For the Love of Books

Huntington dan Matinya Teori Modernisasi

OLEH GDE DWITYA ARIEF METERA
Mahasiswa program doktoral ilmu politik di Northwestern University, Amerika Serikat.



| |

–perihal pembangunan ekonomi dan stabilitas politik

political_order
Fukuyama suatu kali menulis bahwa teori modernisasi mati karena ditelikung dari dua sisi: kiri dan kanan sekaligus. Jika dari kiri ia diserang oleh kaum dependensia dengan argumen center dan peripheral capitalism-nya, maka dari kanan, ia ditamatkan riwayatnya hanya oleh satu buku: Political Order in Changing Societies, karya Samuel Huntington.

Asumsi teori modernisasi, sebagai yang kita ketahui, adalah gerak teleologis masyarakat yang bermula dari kondisi tradisional menuju modernitas. Modernitas di sini dipahami sebagai kondisi terkini dari perkembangan struktur ekonomi yang kian kompleks dan pengorganisasian power di masyarakat yang mengalami proses institusionalisasi dan rasionalisasi ala Weber. Bagian terpenting dari teori modernisasi adalah kepercayaan bahwa dua gerak, ekonomi dan politik ini, berjalan beriringan. Modernisasi ekonomi dalam bentuk pembangunan ekonomi pasar dan industri dipercaya membawa pula modernisasi politik dalam bentuk pengadopsian institusi politik modern yang stabil, semisal demokrasi. Daniel Lerner dalam The Passing of Traditional Society menulis bahwa “aspek-aspek modernisasi seperti urbanisasi, industrialisasi, sekularisasi, demokratisasi, edukasi, dan partisipasi tidaklah terjadi secara asal.” Mereka sangatlah terkait satu sama lain, hingga tampaknya dalam proses sejarah mereka “harus saling berdampingan” (Lerner via Huntington, hal.32). Karya Huntington yang terbit di tahun 1968 ini tepat menggugat bagian terpenting tersebut: bahwa gerak ekonomi dan gerak politik ini sebenarnya tidak berjalan beriringan.

Huntington menulis bahwa pembangunan ekonomi suatu negara tidak serta merta berujung konsolidasi institusi politik dan tercapainya order.
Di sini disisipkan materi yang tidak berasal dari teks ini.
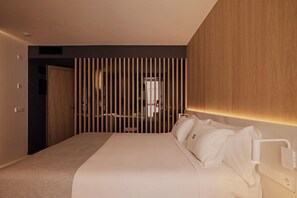 A modern hotel room with a large bed, a wooden headboard, and a vertical wooden slat partition. - Apartamentos Los Robles (Ibiza Town)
Seringkali, sebagaimana contoh yang Huntington kemukakan yaitu kasus negara-negara berkembang di Asia, Afrika, dan Amerika Latin, hasil dari pembangunan ekonomi ini adalah political decay. Political decay disini dimaknai sebagai kondisi dimana institusi politik lama terkikis oleh perkembangan masyarakat terkini, namun disaat yang sama belum terbangun institusi politik modern yang solid untuk memediasi konflik. Padahal telah terjadi peningkatan partisipasi politik dan mobilisasi grup baru ke dalam arena politik sebagai hasil dari proses industrialisasi dan urbanisasi di masyarakat. Akibatnya adalah kondisi yang Huntington sebut sebagai praetorian state yang seringkali ditandai dengan munculnya kaum otokrat dan kudeta militer. Huntington tampaknya ingin mengingatkan bahwa benar “modernitas terkait erat dengan stabilitas politik, namun sebaliknya modernisasi terkait dengan instabilitas.” (hal. 41). Modernitas adalah terminal tujuan, sementara modernisasi adalah proses menuju kondisi akhir tujuan tersebut yang senyatanya penuh dengan batu kerikil sandungan.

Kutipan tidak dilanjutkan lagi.